What is expected: Reply with nothing but the number of lines in the data below where the word "pink" occurs.
┌────────
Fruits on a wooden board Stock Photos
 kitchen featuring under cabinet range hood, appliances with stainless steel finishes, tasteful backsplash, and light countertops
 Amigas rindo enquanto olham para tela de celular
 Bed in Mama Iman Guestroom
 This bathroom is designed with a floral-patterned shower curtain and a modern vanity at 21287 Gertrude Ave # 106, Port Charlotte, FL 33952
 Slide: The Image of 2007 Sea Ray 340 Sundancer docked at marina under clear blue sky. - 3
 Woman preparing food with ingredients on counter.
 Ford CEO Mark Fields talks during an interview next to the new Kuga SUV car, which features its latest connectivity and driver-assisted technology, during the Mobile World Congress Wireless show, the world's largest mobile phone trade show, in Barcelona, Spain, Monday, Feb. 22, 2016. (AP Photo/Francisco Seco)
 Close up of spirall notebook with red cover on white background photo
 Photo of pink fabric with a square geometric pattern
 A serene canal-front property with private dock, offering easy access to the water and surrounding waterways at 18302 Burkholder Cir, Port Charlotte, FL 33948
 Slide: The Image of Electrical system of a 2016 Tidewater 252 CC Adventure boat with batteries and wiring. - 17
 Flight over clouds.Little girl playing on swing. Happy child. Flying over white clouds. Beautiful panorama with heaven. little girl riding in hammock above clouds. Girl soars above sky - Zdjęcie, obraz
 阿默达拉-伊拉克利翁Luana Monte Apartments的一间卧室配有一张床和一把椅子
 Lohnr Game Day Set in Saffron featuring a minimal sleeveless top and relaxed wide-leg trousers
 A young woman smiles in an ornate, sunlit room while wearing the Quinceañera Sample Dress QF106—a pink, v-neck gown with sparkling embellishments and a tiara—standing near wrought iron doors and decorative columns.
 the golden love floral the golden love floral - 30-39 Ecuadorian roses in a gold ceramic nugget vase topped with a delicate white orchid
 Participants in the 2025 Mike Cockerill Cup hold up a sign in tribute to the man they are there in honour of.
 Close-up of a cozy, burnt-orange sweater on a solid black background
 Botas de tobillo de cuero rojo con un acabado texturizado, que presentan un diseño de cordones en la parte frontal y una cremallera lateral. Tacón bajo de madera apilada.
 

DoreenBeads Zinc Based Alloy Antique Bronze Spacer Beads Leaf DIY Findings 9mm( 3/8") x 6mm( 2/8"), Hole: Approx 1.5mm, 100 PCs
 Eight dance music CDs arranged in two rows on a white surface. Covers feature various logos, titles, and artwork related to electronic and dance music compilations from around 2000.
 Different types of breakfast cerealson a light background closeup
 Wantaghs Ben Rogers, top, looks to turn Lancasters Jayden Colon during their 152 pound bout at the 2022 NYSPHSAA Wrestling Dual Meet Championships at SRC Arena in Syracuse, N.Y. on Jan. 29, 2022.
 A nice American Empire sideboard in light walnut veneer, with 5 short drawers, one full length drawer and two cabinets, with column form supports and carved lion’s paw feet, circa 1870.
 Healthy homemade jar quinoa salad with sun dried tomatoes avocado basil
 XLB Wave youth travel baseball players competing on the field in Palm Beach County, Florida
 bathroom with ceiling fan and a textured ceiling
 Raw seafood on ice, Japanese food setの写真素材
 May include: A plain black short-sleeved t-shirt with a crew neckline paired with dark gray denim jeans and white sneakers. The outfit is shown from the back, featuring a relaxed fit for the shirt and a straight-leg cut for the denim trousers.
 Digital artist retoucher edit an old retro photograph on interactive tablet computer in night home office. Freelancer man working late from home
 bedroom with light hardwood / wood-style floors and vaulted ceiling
└────────
Output of the exercise: 2